GreenDB is a publicly available database of sustainable products, scraped from European online shops on a weekly basis. As proxy for the products’ sustainability, it relies on sustainability labels, which are evaluated by experts. The GreenDB schema extends the well-known Schema.org Product definition and is compatible with standardized fine grained product taxonomies such as GS1.

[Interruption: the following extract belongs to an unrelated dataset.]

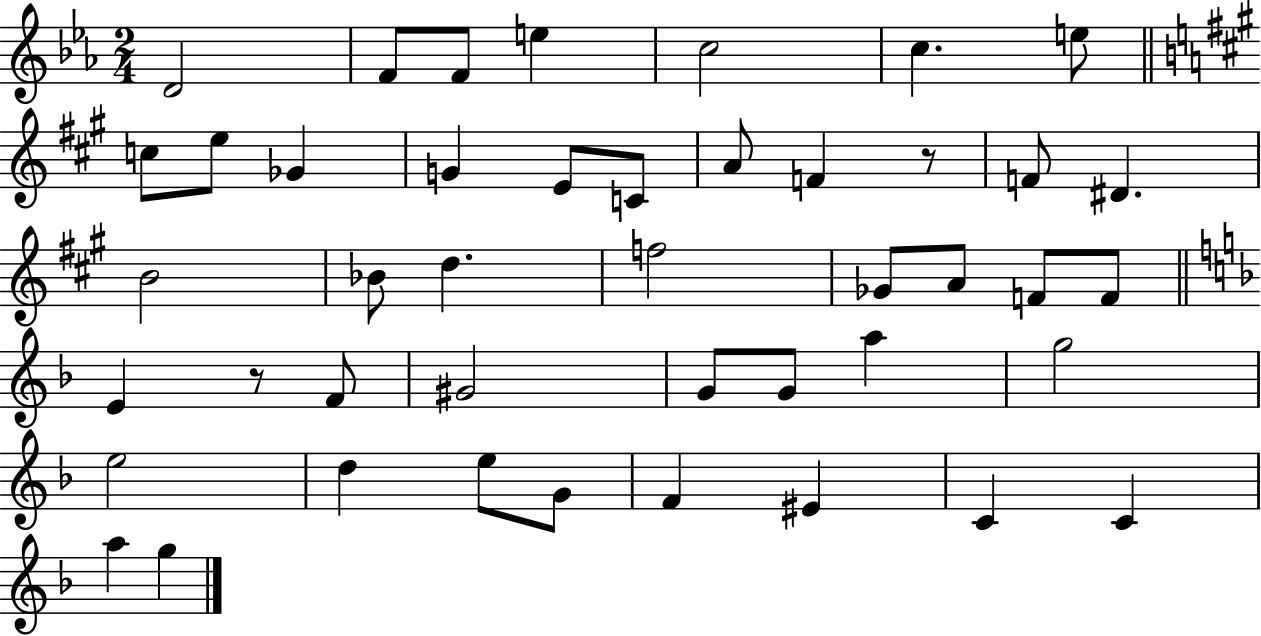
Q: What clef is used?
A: treble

| 2023-11-24 | last updated |
| 19,992,756 | pages scraped |
| 2,711,568 | unique products |
| 342,530 | unique products with credible sustainability labels |
| 41 | product categories |
| column name | timestamp | url | source | merchant | country | category | name | description | brand | sustainability_labels | price | currency | image_urls | gender | consumer_lifestage | colors | sizes | gtin | asin |
|---|---|---|---|---|---|---|---|---|---|---|---|---|---|---|---|---|---|---|---|
| data type | timestamp | text | text | text | text | text | text | text | text | array[text] | numeric | text | array[text] | text | text | array[text] | array[text] | int | text |
| nullable | no | no | no | no | no | no | no | no | no | no | no | no | no | yes | yes | yes | yes | yes | yes |
| column name | id | timestamp | name | description | cred_credibility | eco_chemicals | eco_lifetime | eco_water | eco_inputs | eco_quality | eco_energy | eco_waste_air | eco_environmental_management | social_labour_rights | social_business_practice | social_social_rights | social_company_responsibility | social_conflict_minerals |
|---|---|---|---|---|---|---|---|---|---|---|---|---|---|---|---|---|---|---|
| data type | text | timestamp | text | text | int4 | int4 | int4 | int4 | int4 | int4 | int4 | int4 | int4 | int4 | int4 | int4 | int4 | int4 |
| nullable | no | no | no | no | yes | yes | yes | yes | yes | yes | yes | yes | yes | yes | yes | yes | yes | yes |